Огнем носовой артиллерии корабля успешно (в меру уровня подготовки) управлял ревизор корабля лейтенант А.Ф. Данилов (такова была нехватка в артиллеристах). Ее составляли носовая группа, включая носовую 305-мм башню, две башни 152-мм орудий, пушки боевого формарса, батарея 47-мм пушек на верхнем мостике и батарея 75-мм пушек. Заведуя одновременно всей носовой группой, лейтенант Данилов должен был успевать следить и за огнем орудий. Указания о ведении огня он получал периодически поднимаясь на верхний мостик, от старшего артиллерийского офицера. Строгой централизации огня предусмотрено не было.

Кормовая 305-мм башня уверенно действовало под командованием энергично распоряжавшегося мичмана А.Н. Сполатбога. Он проявил себя истинным командиром и прирожденным артиллеристом. Попаданий в башню долго не было, но и здесь люди то и дело задыхались от удушливых газов — продуктов стрельбы — все более концентрировавшихся в замкнутом пространстве башни. Один матрос, пытаясь отдышаться, высунул голову, открыв дверь и тут же был убит осколком очередного разорвавшегося вблизи снаряда. Но и после этого, чтобы люди в башне совсем не задохнулись, дверь пришлось оставить открытой.

Не выдерживала и техника, оказавшаяся слишком уж "деликатной". Из-за перегорания реостата вертикального наведения левого орудия пришлось действовать им вручную, а сгоревший проводник манипулятора горизонтальной наводки заставил и всю башню поворачивать вручную. У левого зарядного стола соскочил со шкивов трос, отчего подачу для левого орудия временно пришлось питать, через правый зарядный стол. Такое перекладывание снарядов от одного орудия к другому сильно изматывало прислугу и сдерживало темп стрельбы.

Лишь по счастью не осталось без замены место командира башни — вынужденного уйти на замену штурмана на мостик мичмана Сполатбога заменил флагманский минный офицер лейтенант Шрейбер. Иначе башня, составлявшая по сути половину боевой мощи корабля, могла остаться вовсе без офицера. Безупречно действовали во время боя и остальные офицеры. Мичман Д.И. Дараган, оставаясь все время под градом осколков, энергично руководил действиями двух дальне-мерных станций. В готовности к отражению минной атаки сберегал прислугу своих бездействующих пока орудий командир 75-мм батареи мичман Ю.Г. Гадд.

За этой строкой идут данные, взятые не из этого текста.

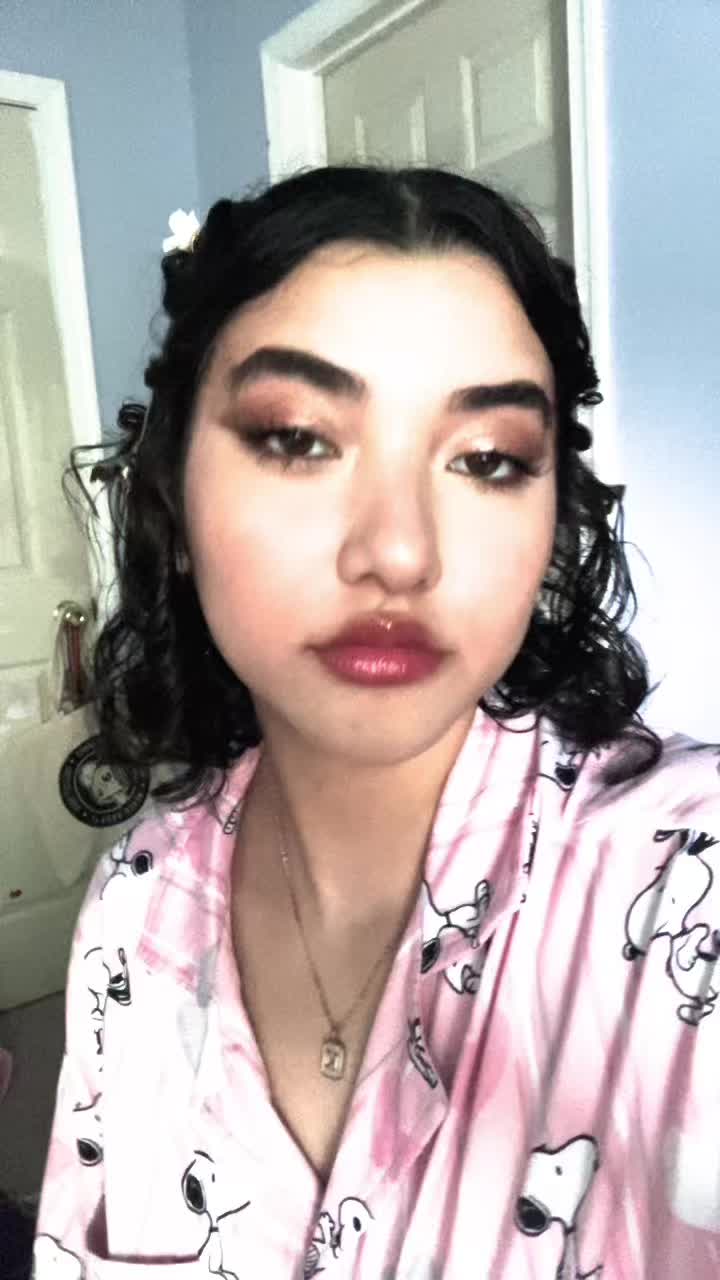 @Kaillysbizzareadventure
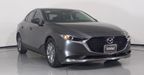 Mazda 3 2.5 I Sedan 2024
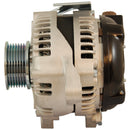 WAI Alternator - 21418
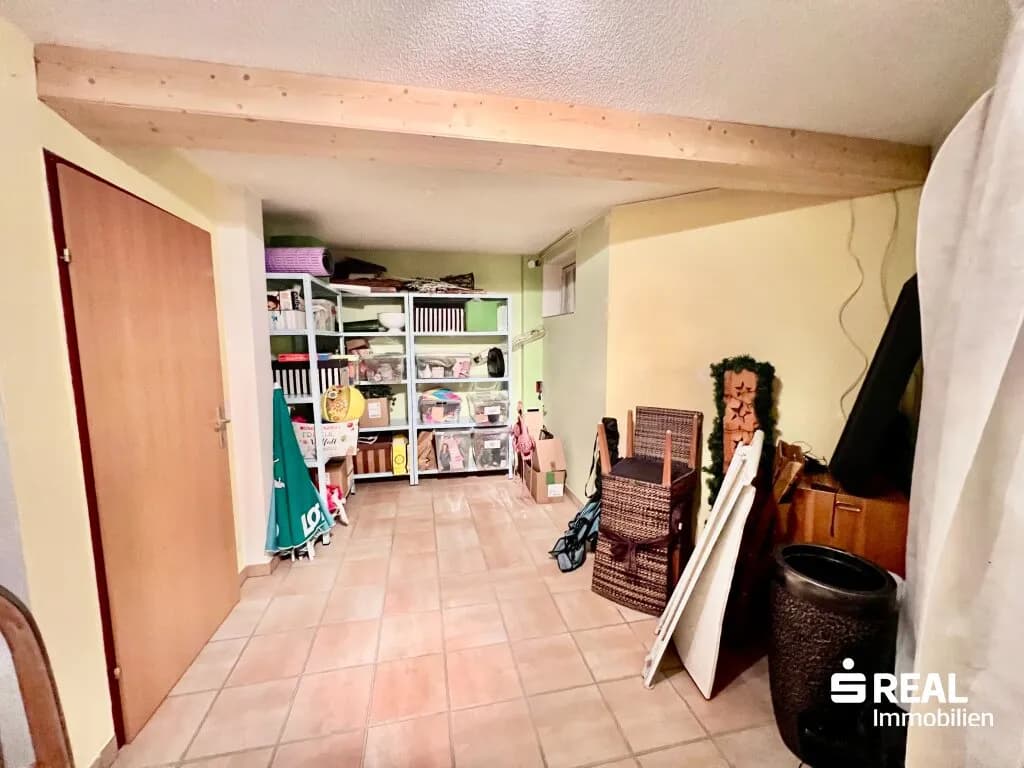 Haus kaufen in Kitzbühel – 145 m², € 890.000 – Bild 26 von 34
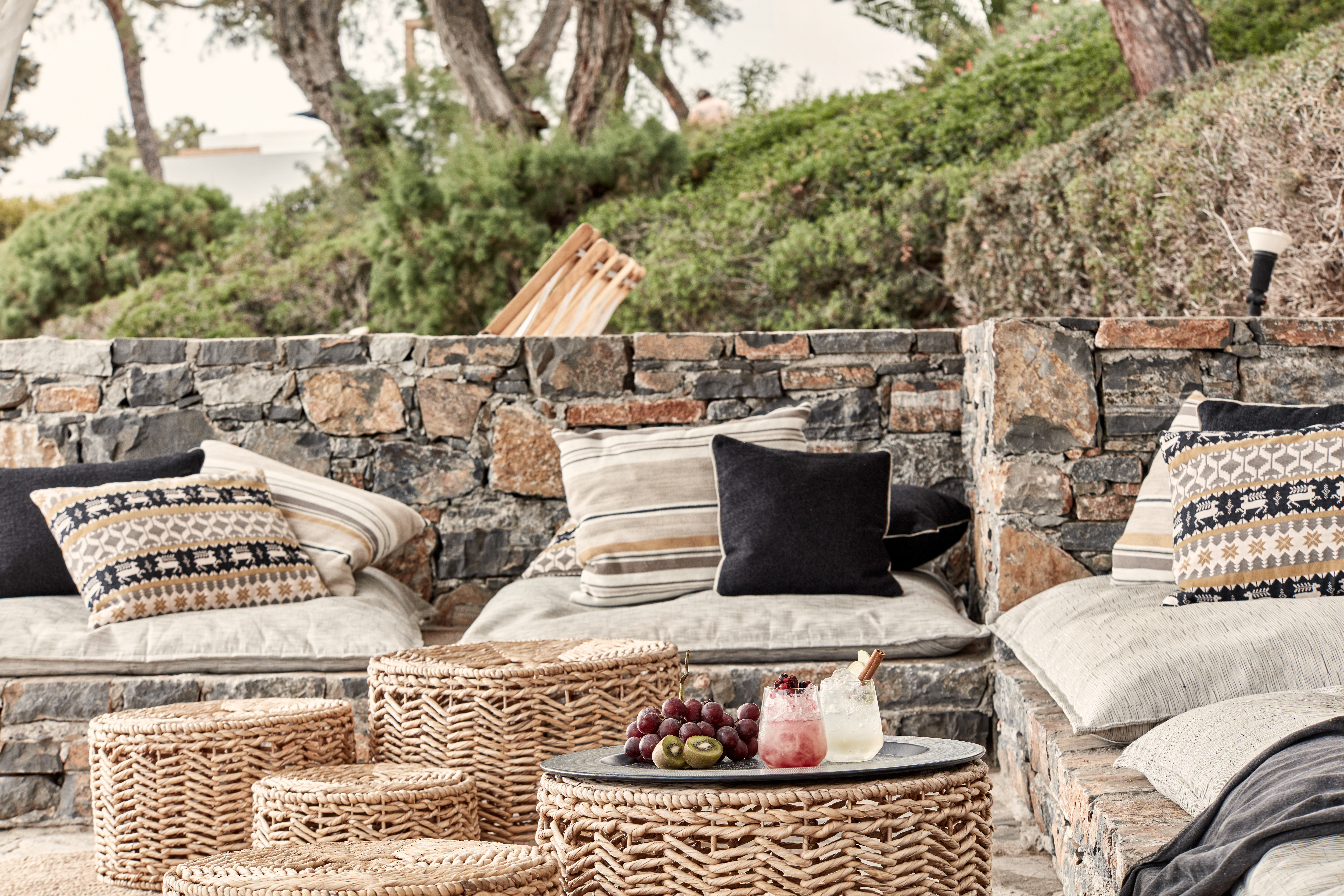 Minos Beach Art Hotel 39/63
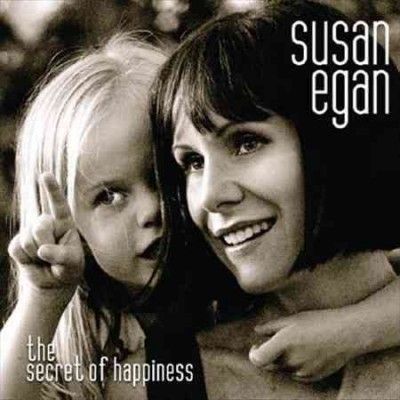 Secret of Happiness - (Import CD)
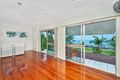 Property photo of 209 O'Shea Esplanade Machans Beach QLD 4878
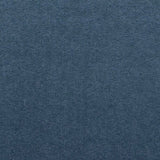 Denim Blau Denim-Stoff - Ribes y Casals
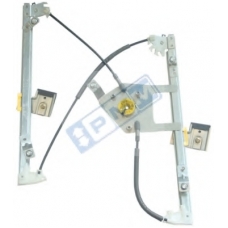 50274 R PMM Подъемное устройство для окон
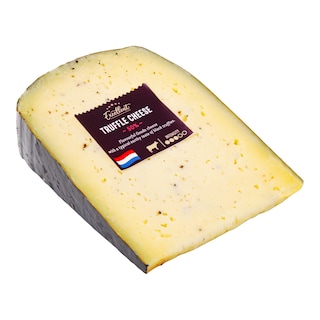 Albert Excellent Sýr s lanýži 50%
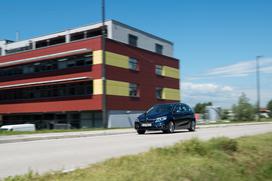 bmw 225xe active tourer luxury line
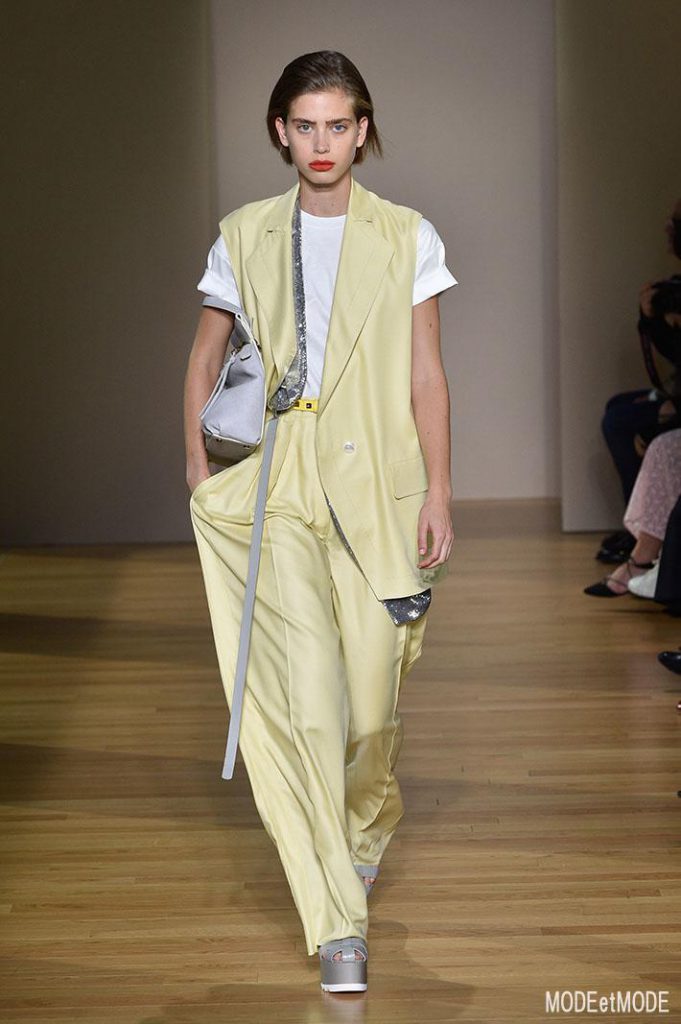 AGNONA_ss18_024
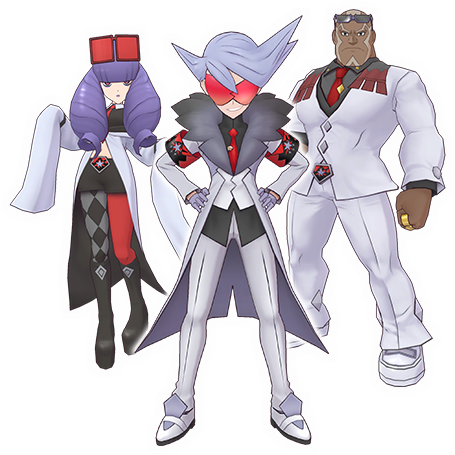 Archivo:Personajes desconocidos Pokémon Masters.png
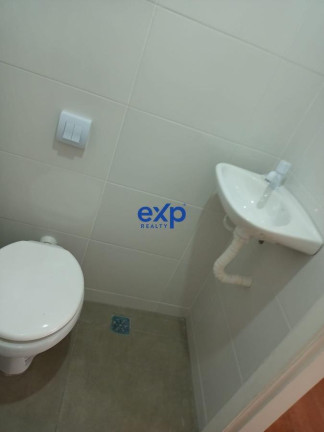 Imagem Apartamento com 1 Quarto à Venda, 55 m² em Centro - Rio De Janeiro Imagem Apartamento com 1 Quarto à Venda, 55 m² em Centro - Rio De Janeiro
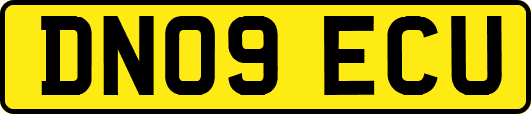 DN09ECU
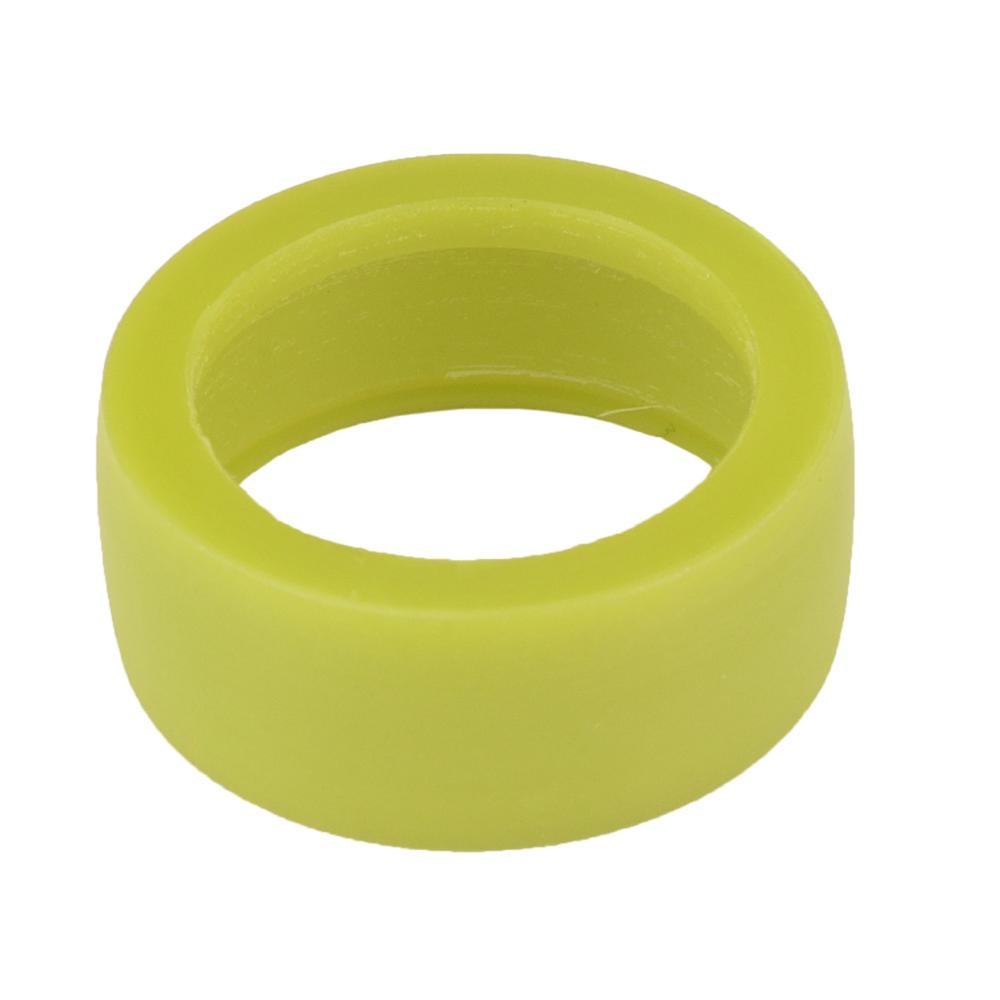 TIRE, ROLLER, MAESTRO TIRE, ROLLER, MAESTRO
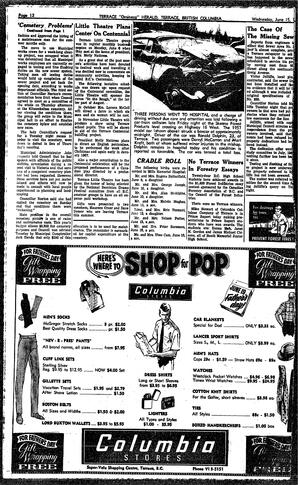 OMh-58-47-06151966.pdf-12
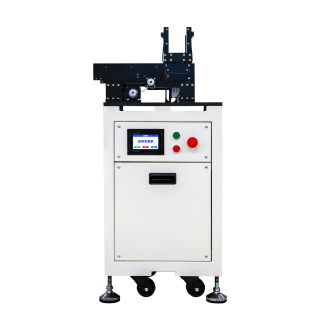 全自動下盤機(jī)
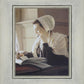 Emma's Hymns
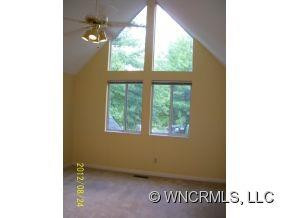 7 Stuart Circle - Photo 16
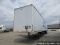 2000 WABASH 53' VAN TRAILER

Броня защищала, но половина надводного борта и все надстройки на верхней палубе брони не имели. И потому неудержимо множились их повреждения, нарушая подачу боеприпасов, связь, управление, системы ПУАО и пожаротушения, тягу в дымоходах. Все это начинало сказываться на боеспособности и живучести корабля. Задерживалось, а затем и прекратилось получение сведений о расстоянии до противника. Неожиданное осложнение создало повреждение расположенной по старинке наверху и не снабженной надежным стоком цистерны пожарной системы. Вода из пробитой цистерны беспрепятственно распространялась по кораблю, скапливалась в понизившейся из-за пробоины носовой части. "Цесаревич" все более садился носом, заметно ухудшалась и без того не идеальная управляемость.